WHAT TO WORK ON: Here the job is to print all of the entries below verbatim and leave out any picture.

EXERCISE INPUTS:
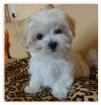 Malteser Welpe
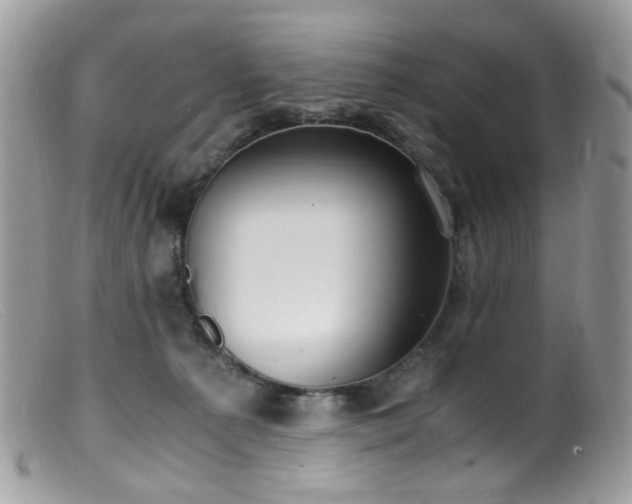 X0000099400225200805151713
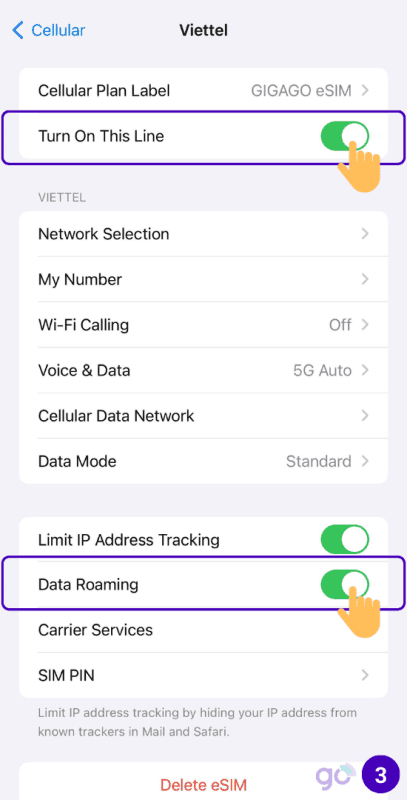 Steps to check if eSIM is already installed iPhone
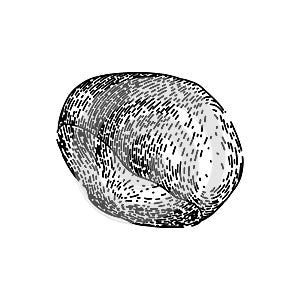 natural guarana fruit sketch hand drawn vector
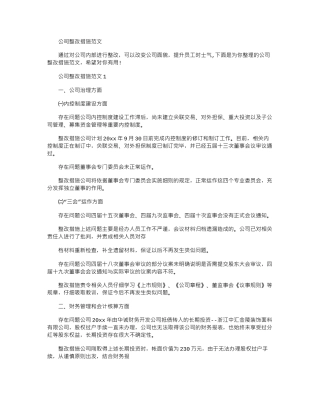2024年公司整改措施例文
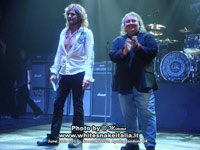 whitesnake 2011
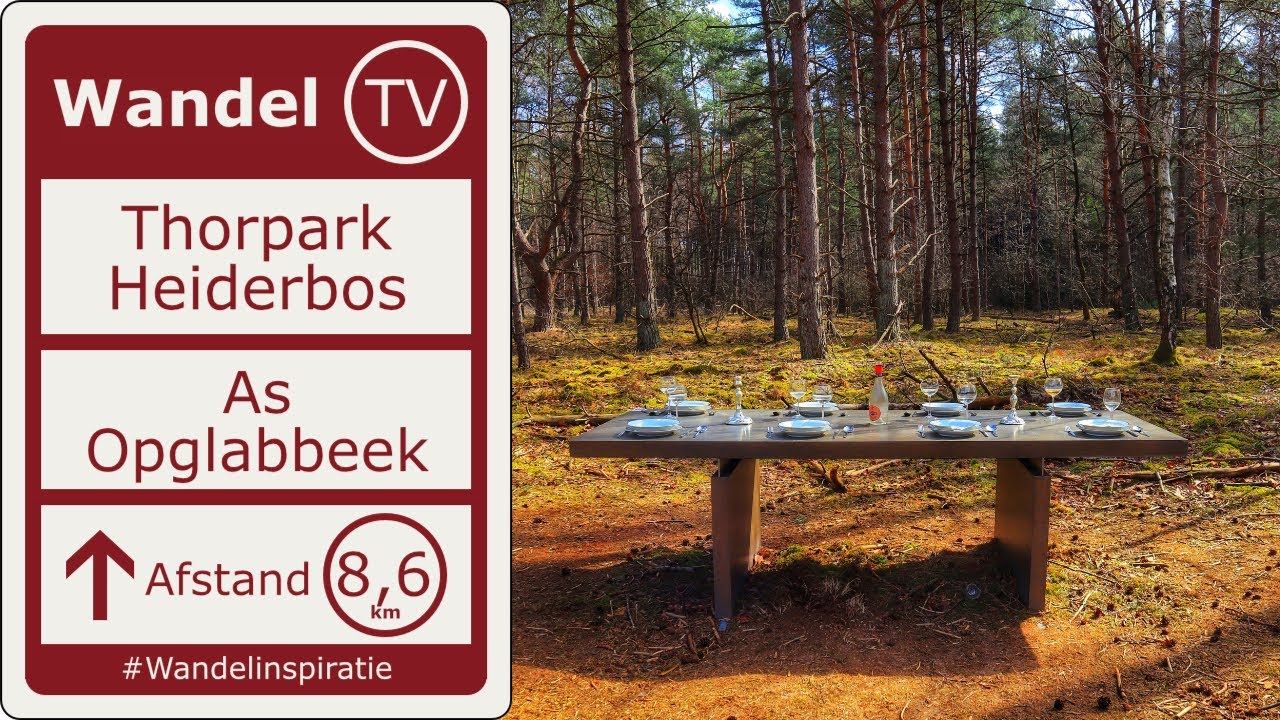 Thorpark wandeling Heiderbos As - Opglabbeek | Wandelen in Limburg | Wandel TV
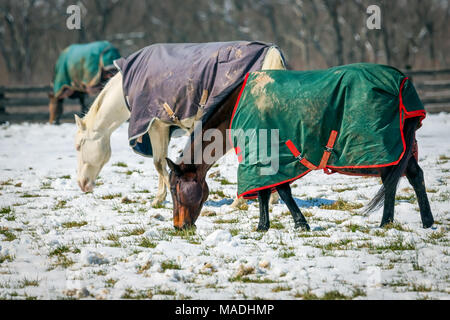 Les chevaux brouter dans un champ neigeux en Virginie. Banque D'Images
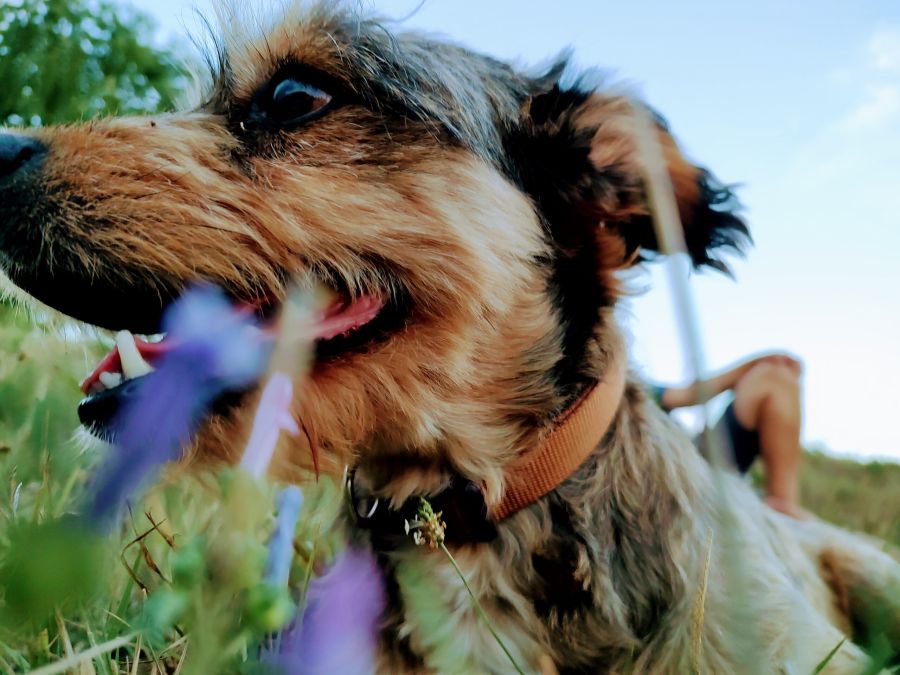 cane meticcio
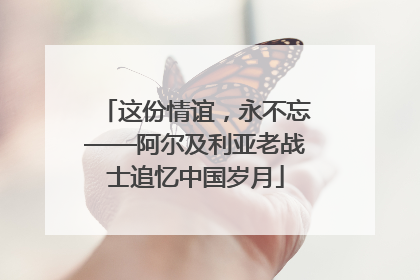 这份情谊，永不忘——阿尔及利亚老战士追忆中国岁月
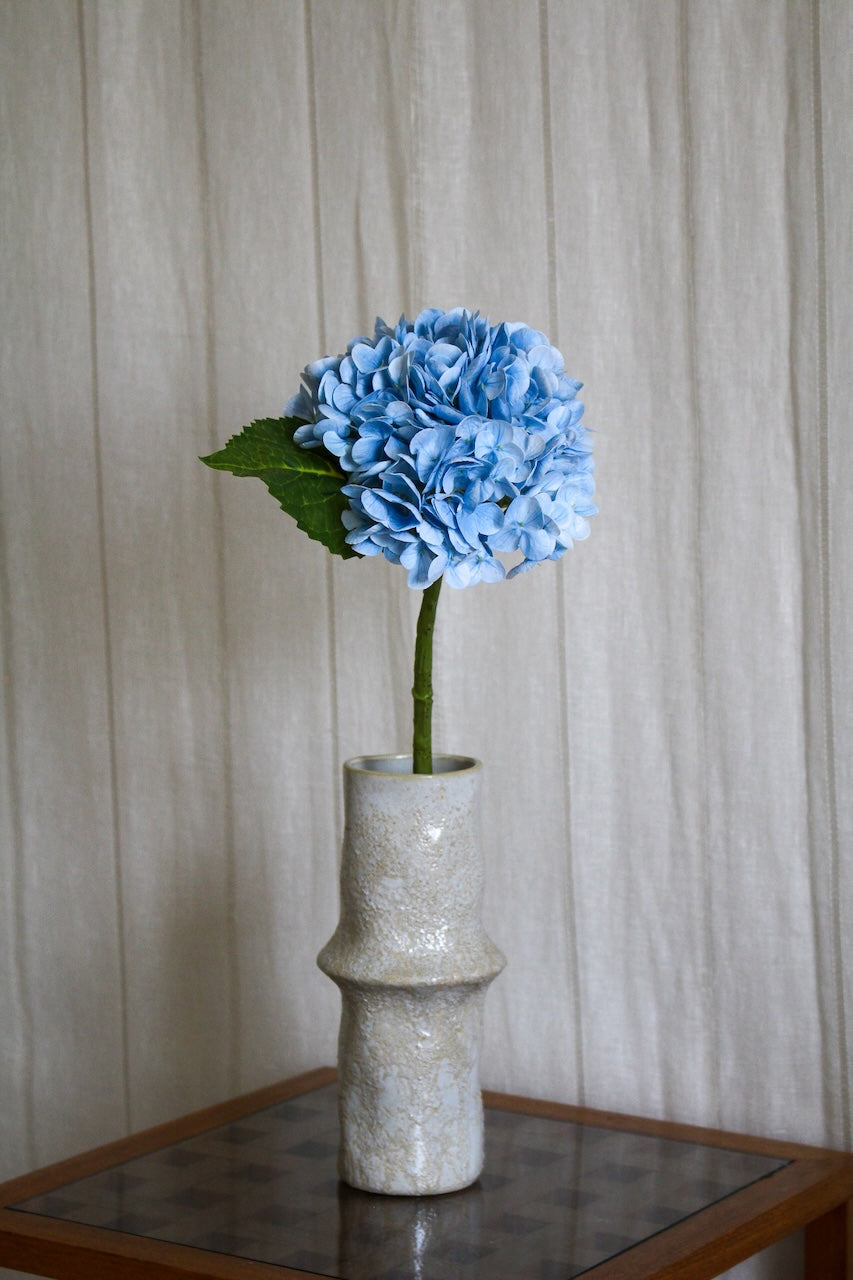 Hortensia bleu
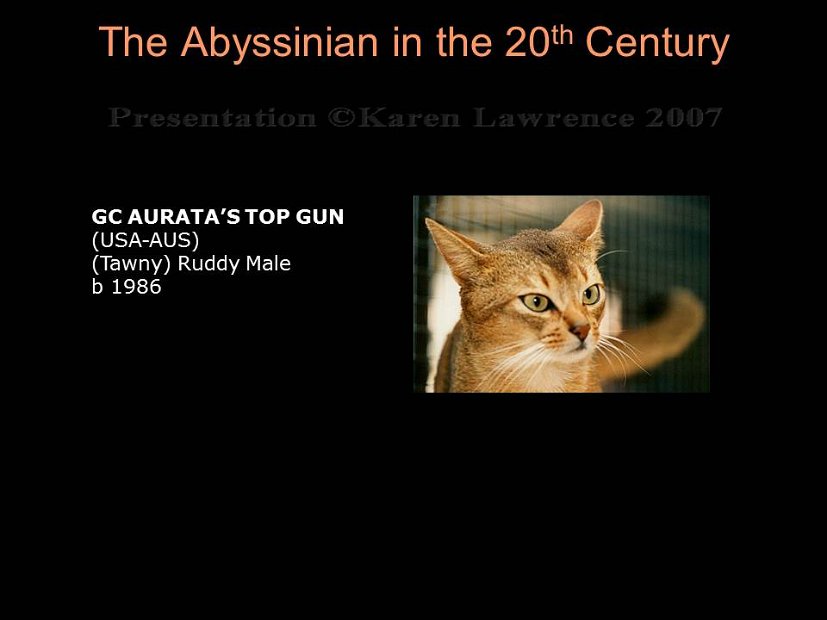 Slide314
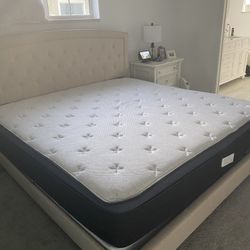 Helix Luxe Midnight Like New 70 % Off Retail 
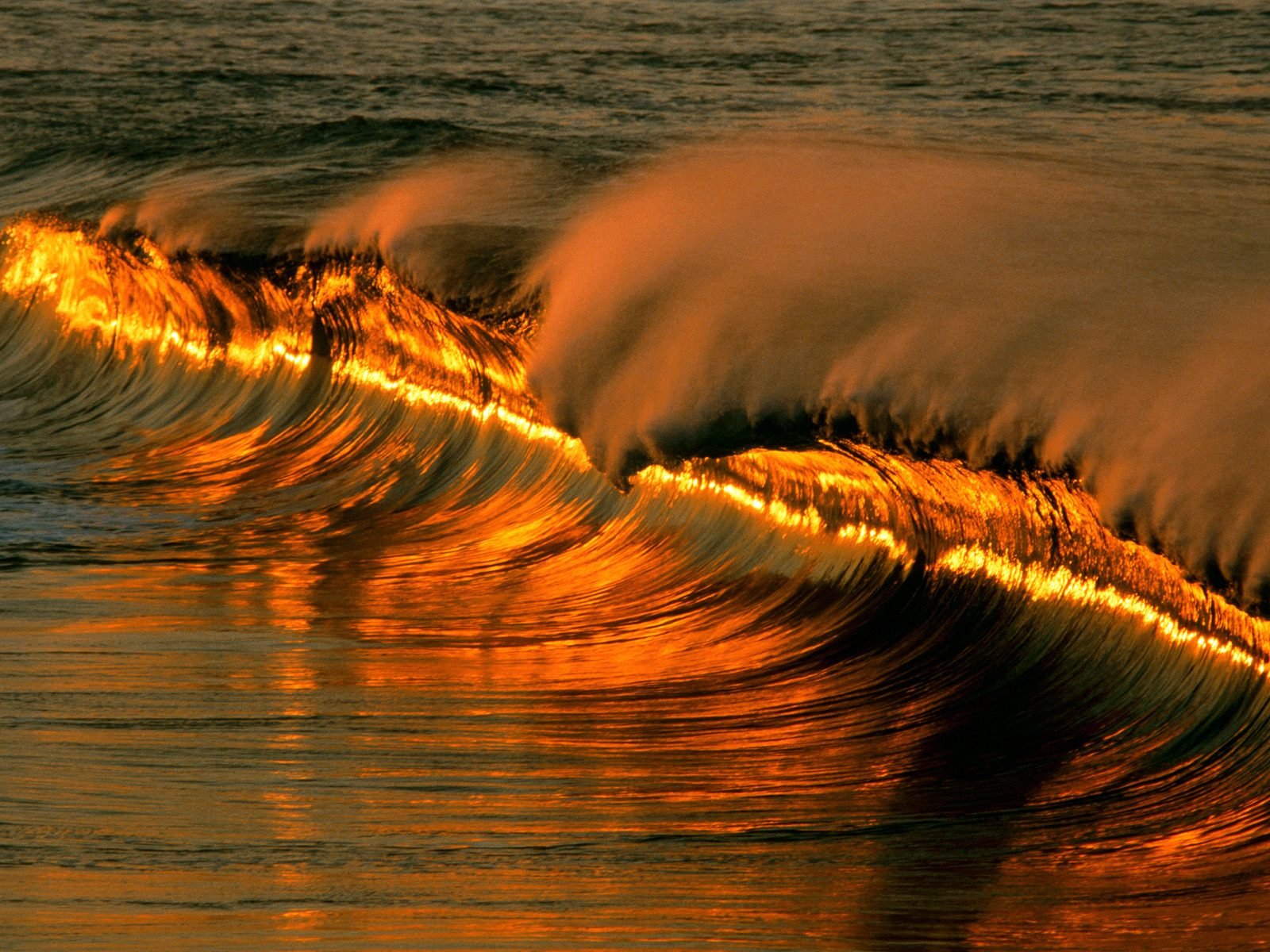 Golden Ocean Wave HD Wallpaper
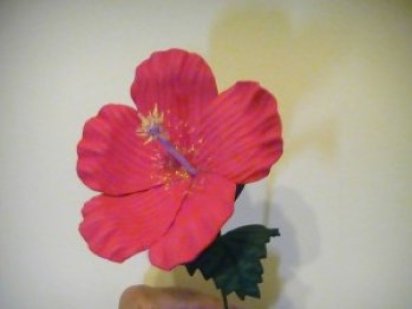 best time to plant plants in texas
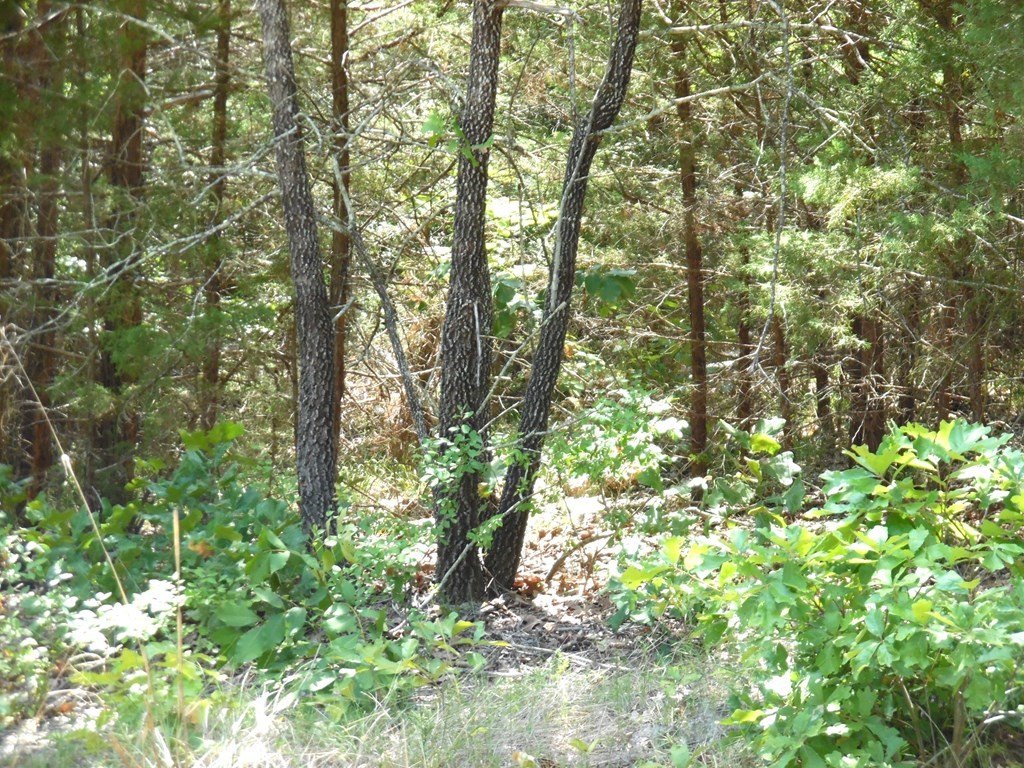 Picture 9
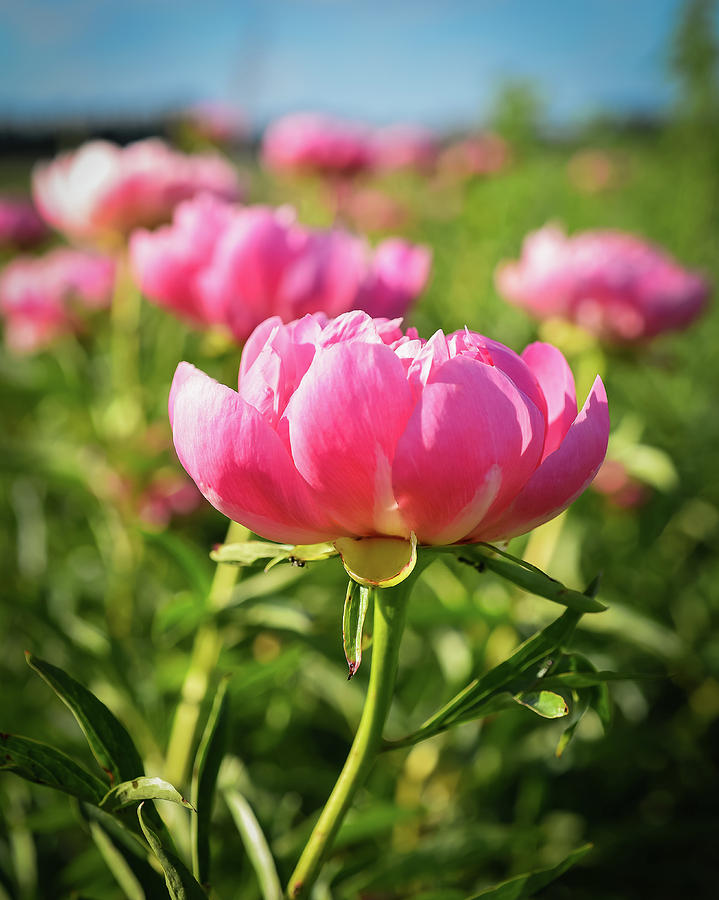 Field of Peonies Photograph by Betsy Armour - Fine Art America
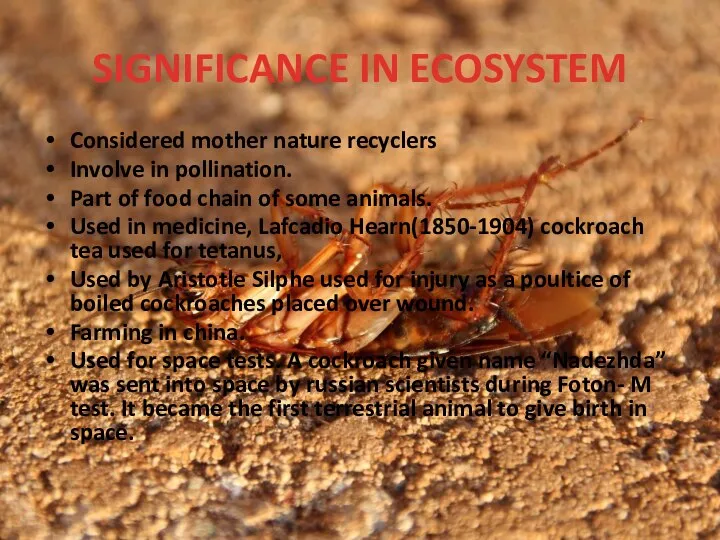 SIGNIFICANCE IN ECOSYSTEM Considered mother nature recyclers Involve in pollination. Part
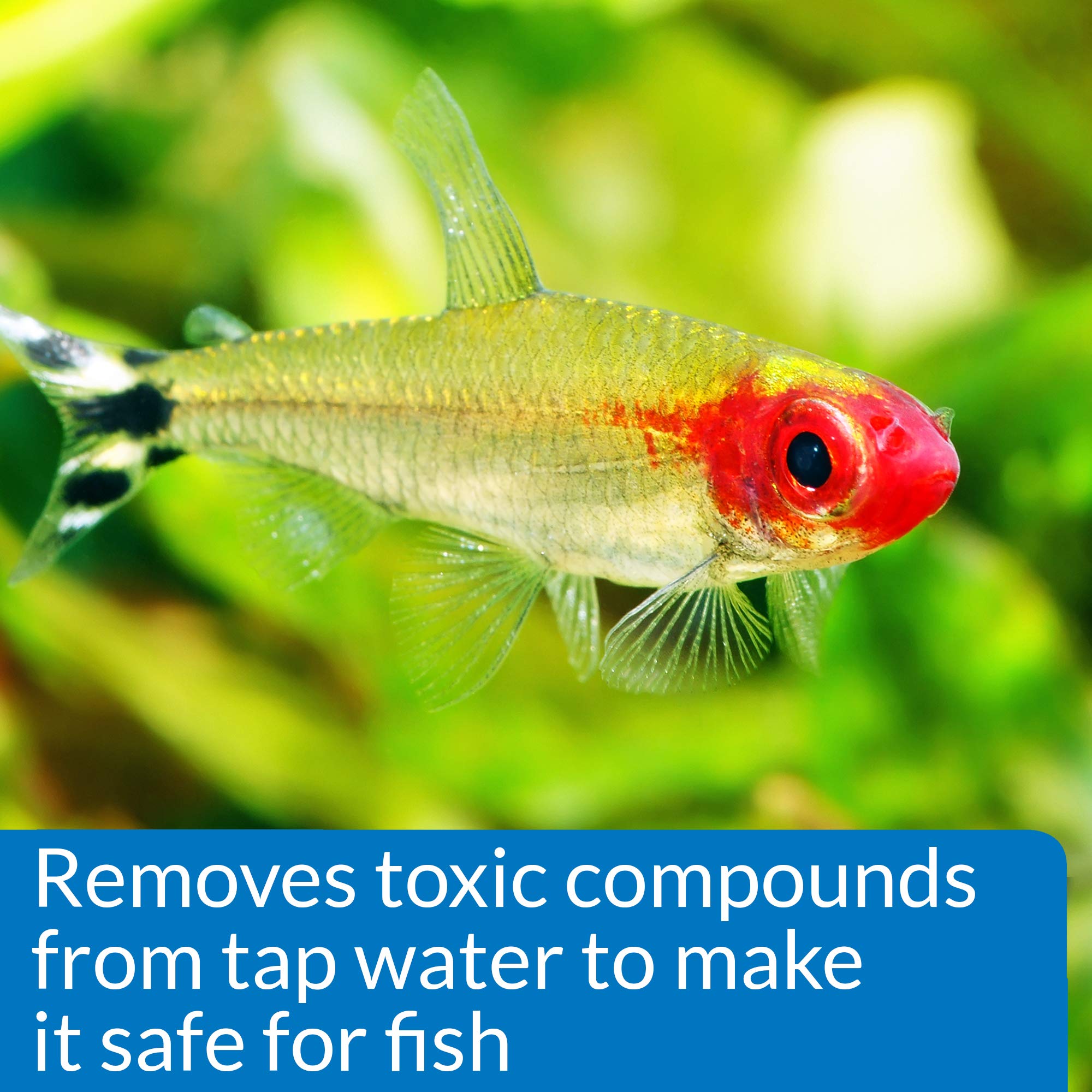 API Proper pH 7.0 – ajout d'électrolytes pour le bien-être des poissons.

RESULT:
 Malteser Welpe
 X0000099400225200805151713
 Steps to check if eSIM is already installed iPhone
 natural guarana fruit sketch hand drawn vector
2024年公司整改措施例文
 whitesnake 2011
 Thorpark wandeling Heiderbos As - Opglabbeek | Wandelen in Limburg | Wandel TV
 Les chevaux brouter dans un champ neigeux en Virginie. Banque D'Images
 cane meticcio
 这份情谊，永不忘——阿尔及利亚老战士追忆中国岁月
 Hortensia bleu
 Slide314
 Helix Luxe Midnight Like New 70 % Off Retail 
 Golden Ocean Wave HD Wallpaper
 best time to plant plants in texas
 Picture 9
 Field of Peonies Photograph by Betsy Armour - Fine Art America
 SIGNIFICANCE IN ECOSYSTEM Considered mother nature recyclers Involve in pollination. Part
 API Proper pH 7.0 – ajout d'électrolytes pour le bien-être des poissons.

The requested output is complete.